-- About this task --
Images stay out. Everything else in the records is repeated exactly.

*** Begin section ***

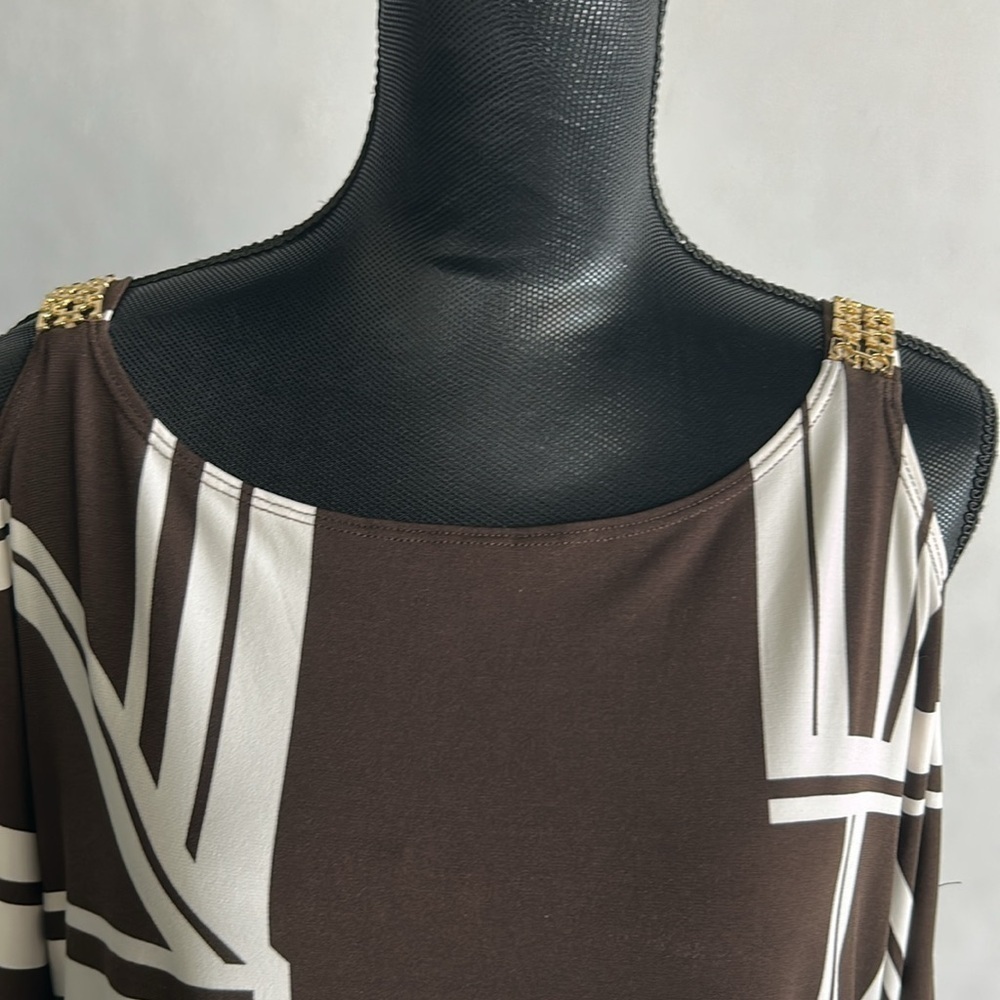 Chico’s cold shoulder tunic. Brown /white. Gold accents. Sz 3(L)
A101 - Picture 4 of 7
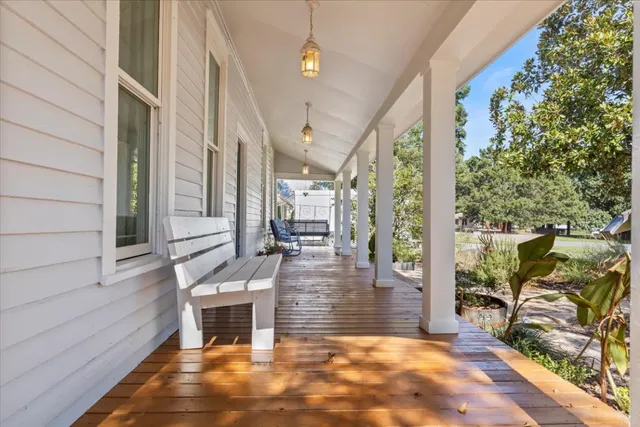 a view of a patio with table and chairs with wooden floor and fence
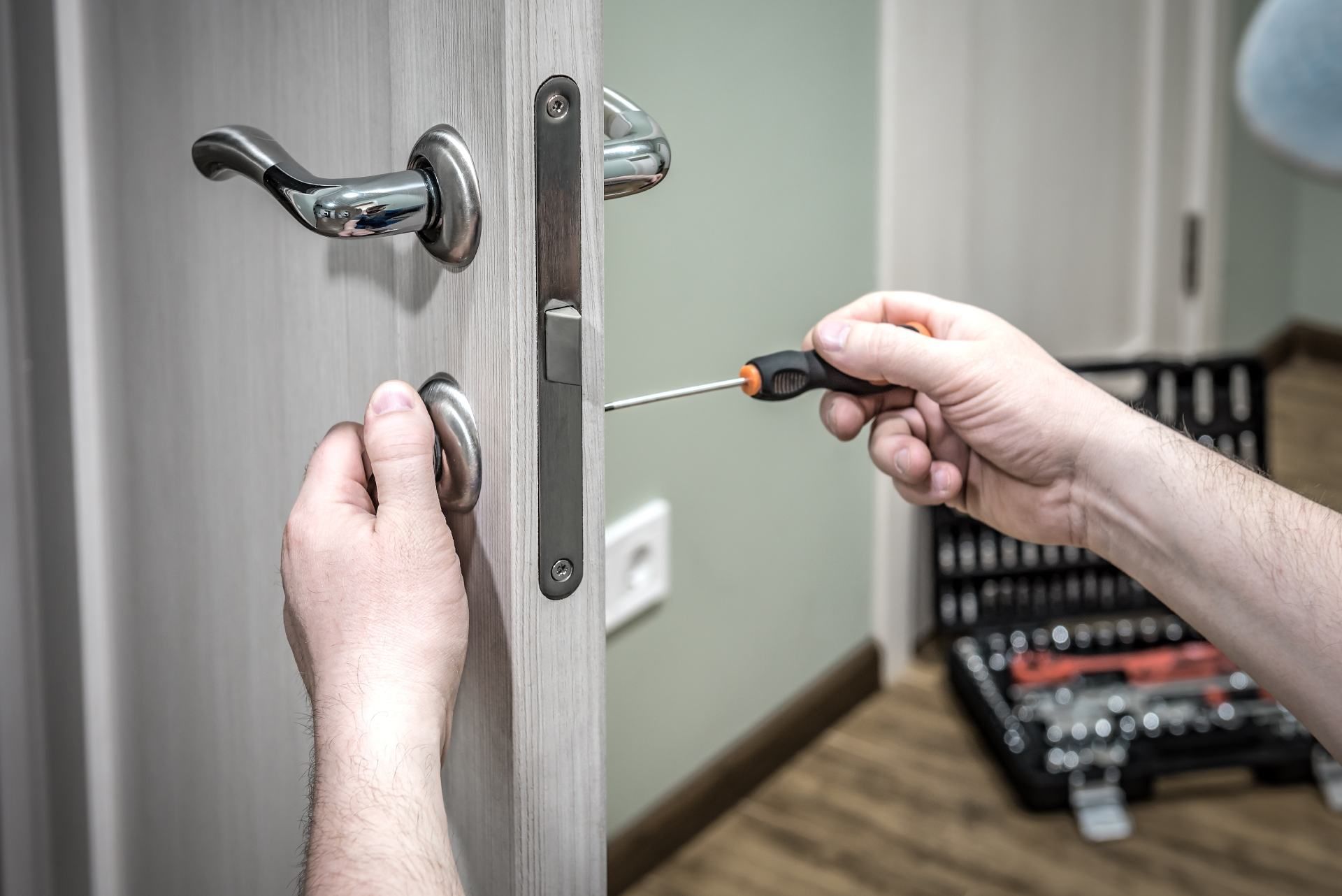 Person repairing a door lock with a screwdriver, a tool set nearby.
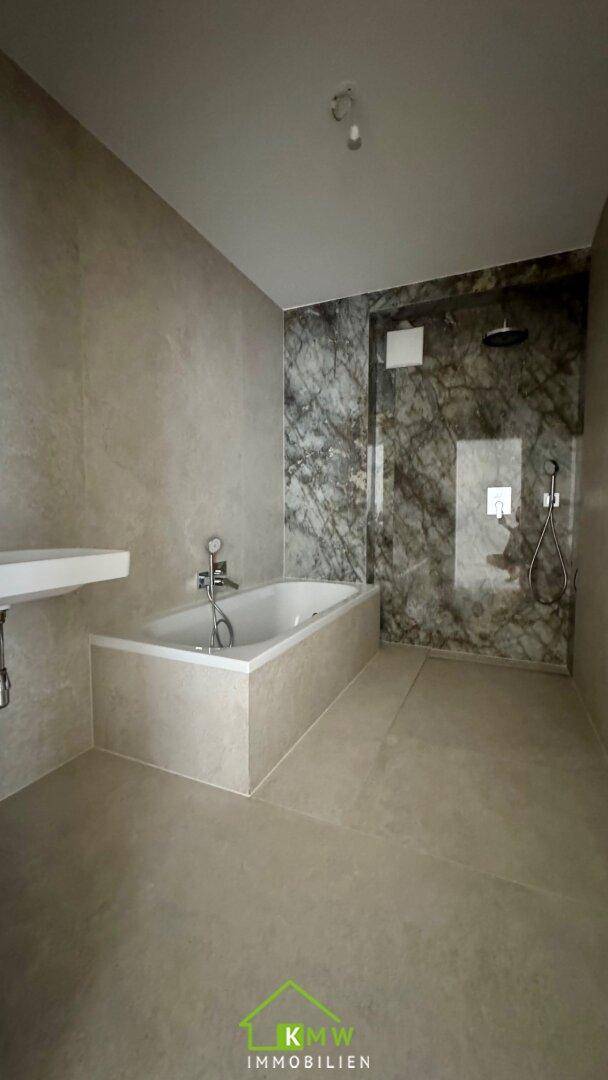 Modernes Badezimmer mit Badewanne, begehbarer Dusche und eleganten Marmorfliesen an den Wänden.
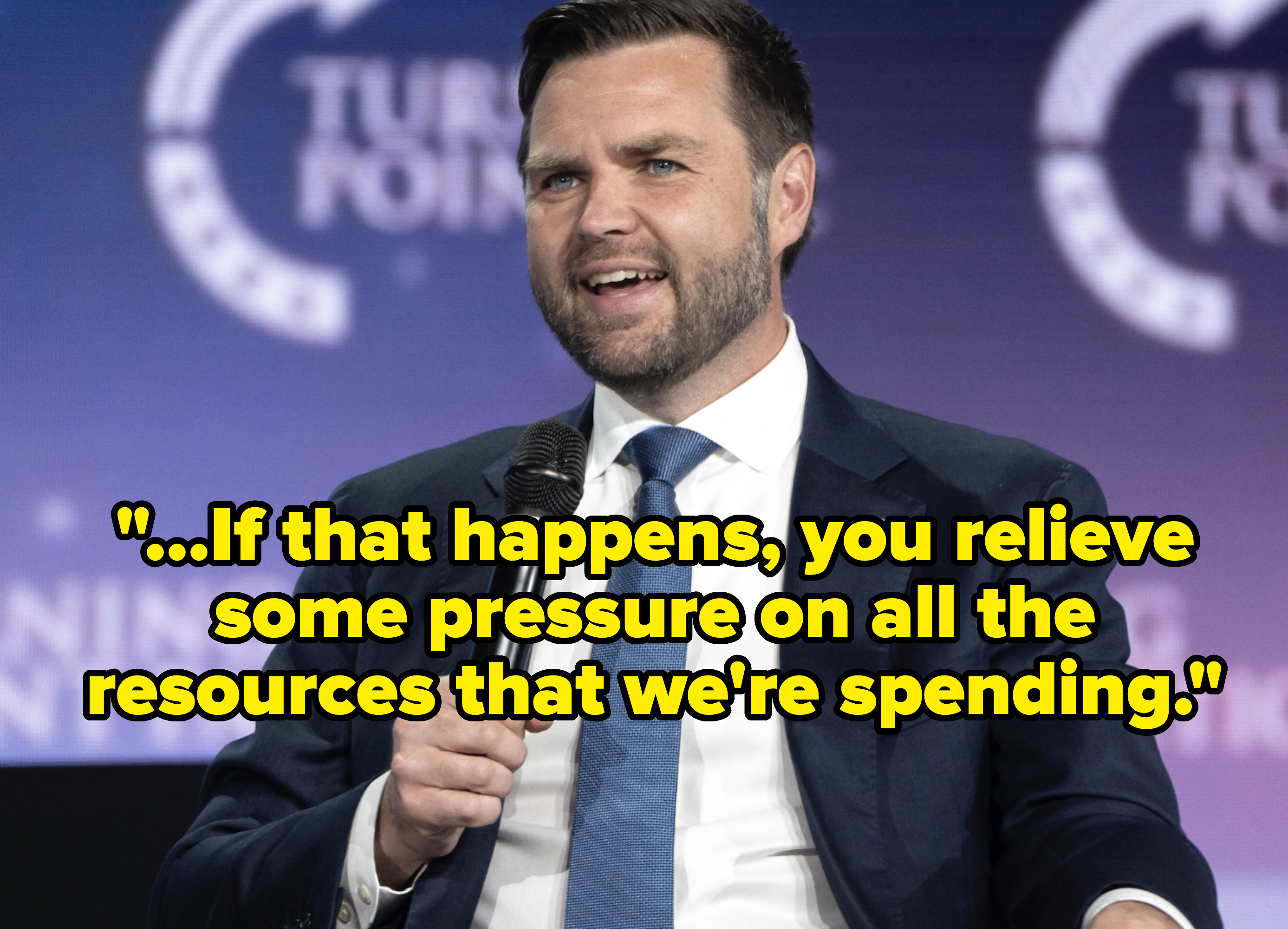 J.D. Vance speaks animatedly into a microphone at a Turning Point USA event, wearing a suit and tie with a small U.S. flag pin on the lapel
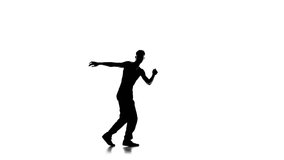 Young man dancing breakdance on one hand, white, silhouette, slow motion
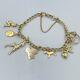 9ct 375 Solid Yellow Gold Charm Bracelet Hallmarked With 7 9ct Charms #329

*** End section ***

-- Result for this task --
 Chico’s cold shoulder tunic. Brown /white. Gold accents. Sz 3(L)
A101 - Picture 4 of 7
 a view of a patio with table and chairs with wooden floor and fence
 Person repairing a door lock with a screwdriver, a tool set nearby.
 Modernes Badezimmer mit Badewanne, begehbarer Dusche und eleganten Marmorfliesen an den Wänden.
 J.D. Vance speaks animatedly into a microphone at a Turning Point USA event, wearing a suit and tie with a small U.S. flag pin on the lapel
 Young man dancing breakdance on one hand, white, silhouette, slow motion
 9ct 375 Solid Yellow Gold Charm Bracelet Hallmarked With 7 9ct Charms #329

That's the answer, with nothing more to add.